↓↓↓

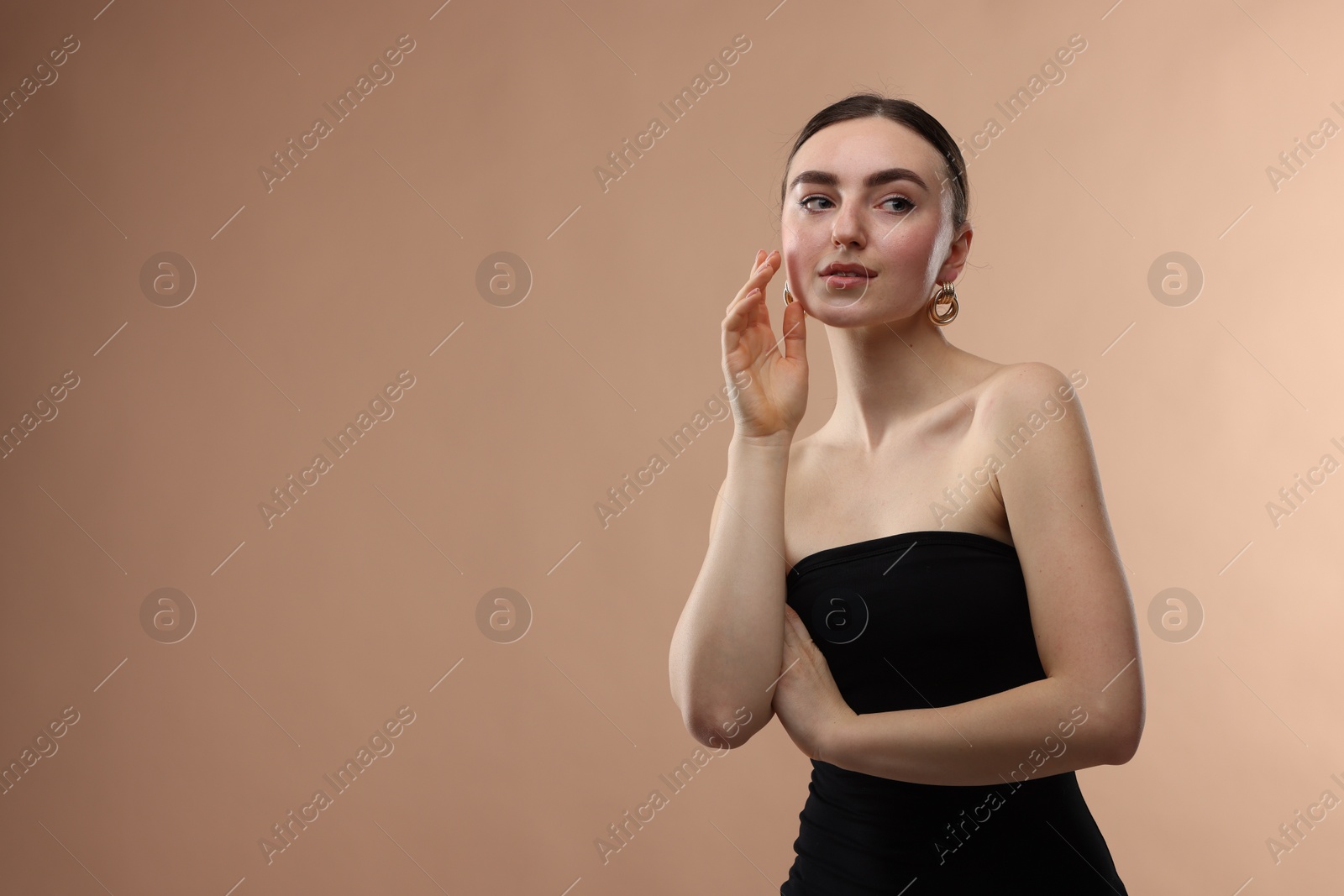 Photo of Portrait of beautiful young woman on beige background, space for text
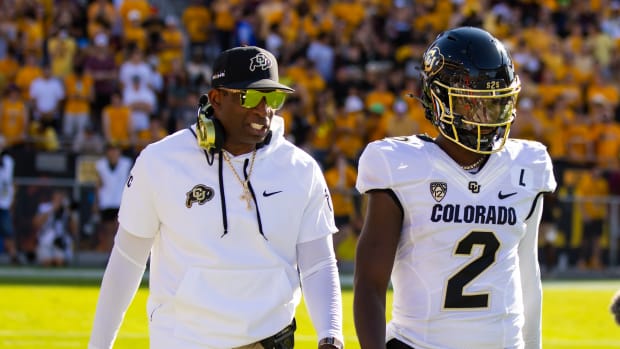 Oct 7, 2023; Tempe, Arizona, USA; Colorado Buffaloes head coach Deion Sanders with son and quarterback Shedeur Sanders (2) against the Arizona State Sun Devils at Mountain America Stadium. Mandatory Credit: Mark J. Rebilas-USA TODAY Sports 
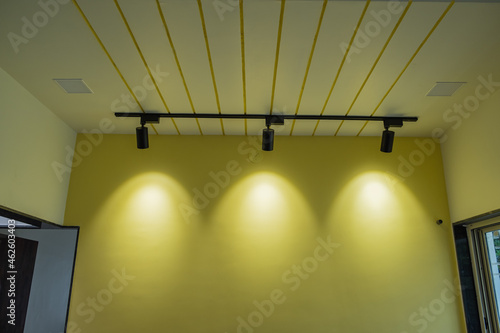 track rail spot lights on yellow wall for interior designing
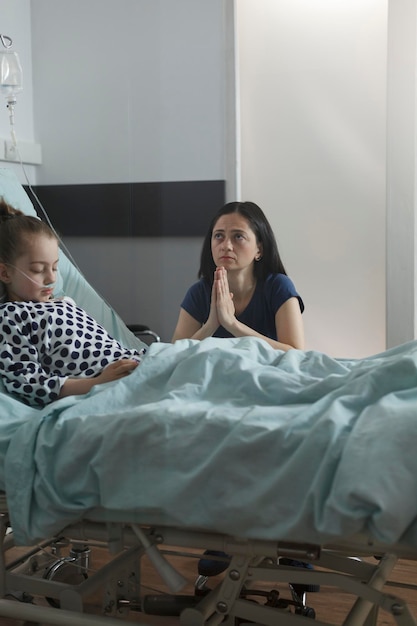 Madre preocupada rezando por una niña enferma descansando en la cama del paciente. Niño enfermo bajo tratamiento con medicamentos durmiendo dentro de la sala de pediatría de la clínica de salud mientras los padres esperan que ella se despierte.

↑↑↑

*WHAT TO PRODUCE:*
Each line of the listing above must be given again exactly; the pictures are to be left out.

*RESPONSE AREA:*
 Photo of Portrait of beautiful young woman on beige background, space for text
 Oct 7, 2023; Tempe, Arizona, USA; Colorado Buffaloes head coach Deion Sanders with son and quarterback Shedeur Sanders (2) against the Arizona State Sun Devils at Mountain America Stadium. Mandatory Credit: Mark J. Rebilas-USA TODAY Sports 
 track rail spot lights on yellow wall for interior designing
 Madre preocupada rezando por una niña enferma descansando en la cama del paciente. Niño enfermo bajo tratamiento con medicamentos durmiendo dentro de la sala de pediatría de la clínica de salud mientras los padres esperan que ella se despierte.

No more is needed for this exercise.